NanoAOD is the same way: it was manually split using these "heppy" conventions. I need to provide the ability to transform names according to a user-defined function, and provide standard functions for standard sets of conventions, like heppy.

But remember: this feature is brand new as of today. It's the last of a suite of adapters:

All of the above except ROOT have unit tests that you can use to see the API. I'm particularly excited about the HDF5 backend because HDF5 has a lot of good encodings.

vkuznet commented 6 years ago

Jim, I tried this example and it works. I'm quite exciting about this approach. Let me explain. Using OAMap, uproot open up additional possibility for ML since we can read ROOT files and create necessary dataframe attributes using code like in this example and then pass it to ML algorithm. My understanding that it will be mostly at no cost. But of course for serious stuff we need support for custom c++ classes in order to read gen/sim/digi/raw data tiers. But it is a good start. Keep me informed about development. Thanks, Valentin.

On 0, Jim Pivarski notifications@github.com wrote:

If you're willing to try something bleeding edge, I just finished the uproot wrapper for oamap.

pip install oamap --user --upgrade

or

git clone https://github.com/diana-hep/oamap.git
cd oamap
python setup.py install --user

and

>>> import uproot
>>> t = uproot.open("../uproot/tests/samples/HZZ.root")["events"]
>>> import oamap.source.root
>>> objects = t.oamap
>>> objects.dataset.show()   # for the ROOT branches interpreted as an object schema
>>> for event in objects:
...    if len(event.NMuon) == 2:
...       m1, m2 = event.NMuon
...       print m1.Muon_Px + m2.Muon_Px, m1.Muon_Py + m2.Muon_Py, m1.Muon_Pz + m2.Muon_Pz
...
-15.1616745, -10.961198, -19.468376
49.8154, 8.07737, 48.133476
98.78025, -99.79196, 738.9426
84.92228, 92.65245, -69.58068
...

One ugly thing about this is that the branch names were not chosen with the intention of rolling them up into objects. In this case, my branches-to-schema algorithm is identifying NMuon as a list of muon objects (not the number of them, the actual list) and muons have attributes Muon_Px, Muon_Py, Muon_Pz rather than just Px, Py, Pz.

This branches-to-schema algorithm is intended to reverse ROOT's splitting algorithm, but this TTree wasn't produced by splitting a C++ object. Hence the weird names.

NanoAOD is the same way: it was manually split using these "heppy" conventions. I need to provide the ability to transform names according to a user-defined function, and provide standard functions for standard sets of conventions, like heppy.
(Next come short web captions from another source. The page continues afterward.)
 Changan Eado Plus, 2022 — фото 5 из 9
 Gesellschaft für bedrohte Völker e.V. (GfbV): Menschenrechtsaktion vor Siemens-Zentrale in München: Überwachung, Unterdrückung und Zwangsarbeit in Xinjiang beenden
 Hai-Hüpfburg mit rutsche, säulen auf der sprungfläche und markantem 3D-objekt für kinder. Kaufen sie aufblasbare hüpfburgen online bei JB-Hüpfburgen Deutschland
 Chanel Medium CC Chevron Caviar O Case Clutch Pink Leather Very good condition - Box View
But remember: this feature is brand new as of today. It's the last of a suite of adapters:

  • read from ROOT, interpreting branch structure as a schema
  • read from Parquet, translating Parquet's schema into OAMap's
  • read/write to HDF5, allowing the user to specify a schema (earlier today— effectively adds ROOT-like columnar data to HDF5)
  • read/write to a the UNIX db format (what shelve does, so that OAMap has a zero-install analogy of Python's built-in shelve persistence).

All of the above except ROOT have unit tests that you can use to see the API. I'm particularly excited about the HDF5 backend because HDF5 has a lot of good encodings.
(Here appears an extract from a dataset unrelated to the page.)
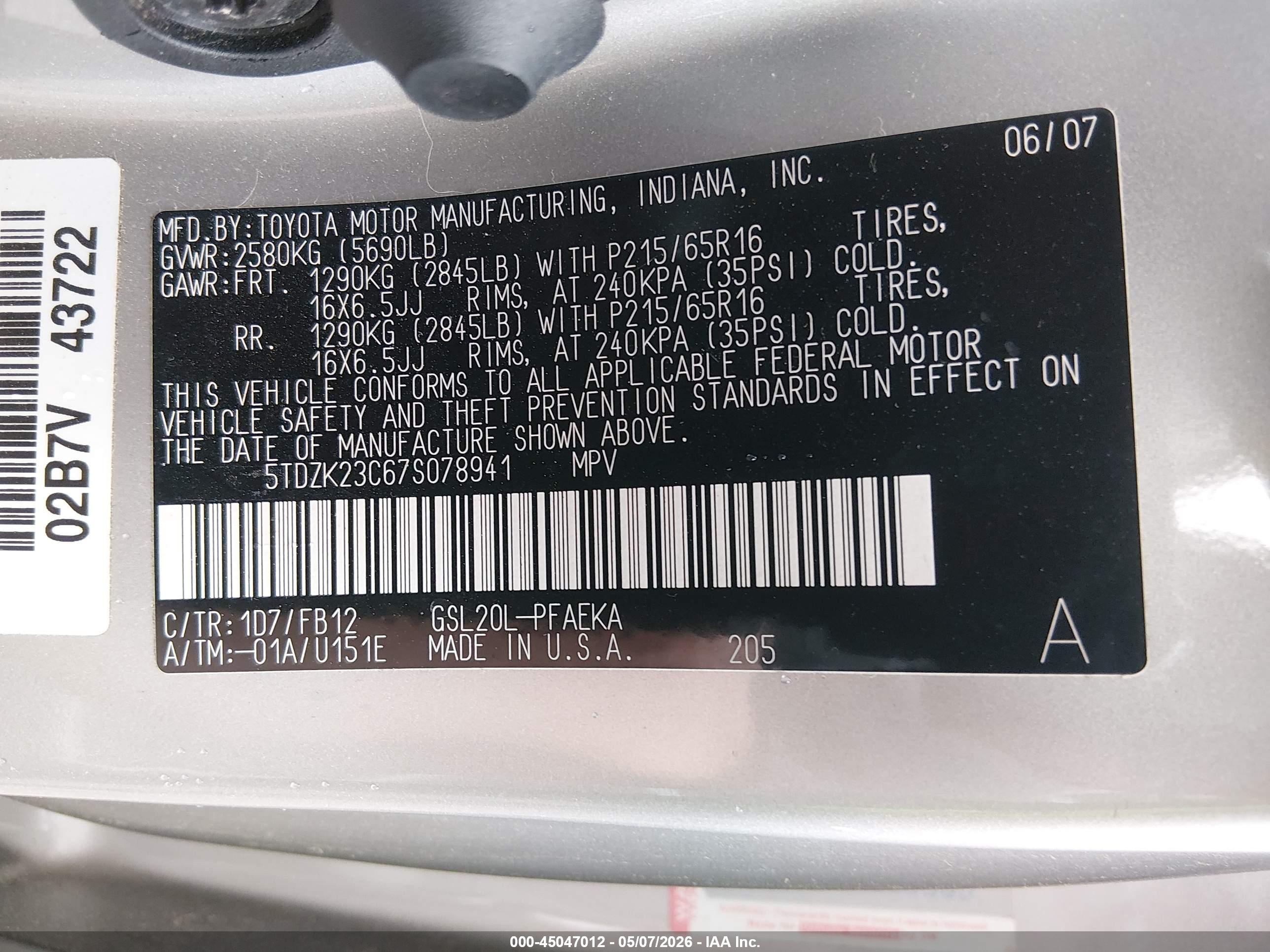 TOYOTA SIENNA image 9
-- You are receiving this because you authored the thread. Reply to this email directly or view it on GitHub: https://github.com/diana-hep/oamap/issues/3#issuecomment-359113908

jpivarski commented 6 years ago

Since nearly all ML algorithms require flat data and our data is not flat, I imagine one use case would be to do that flattening via ad hoc user functions. With Numba installed, these functions should be about as fast as C (or faster, because of the lack of intermediate objects) but more importantly, there would be little hassle in setting up the calculation.

My main intention was for exploratory data analysis, but this could possibly take some of the pain out of feature engineering, too.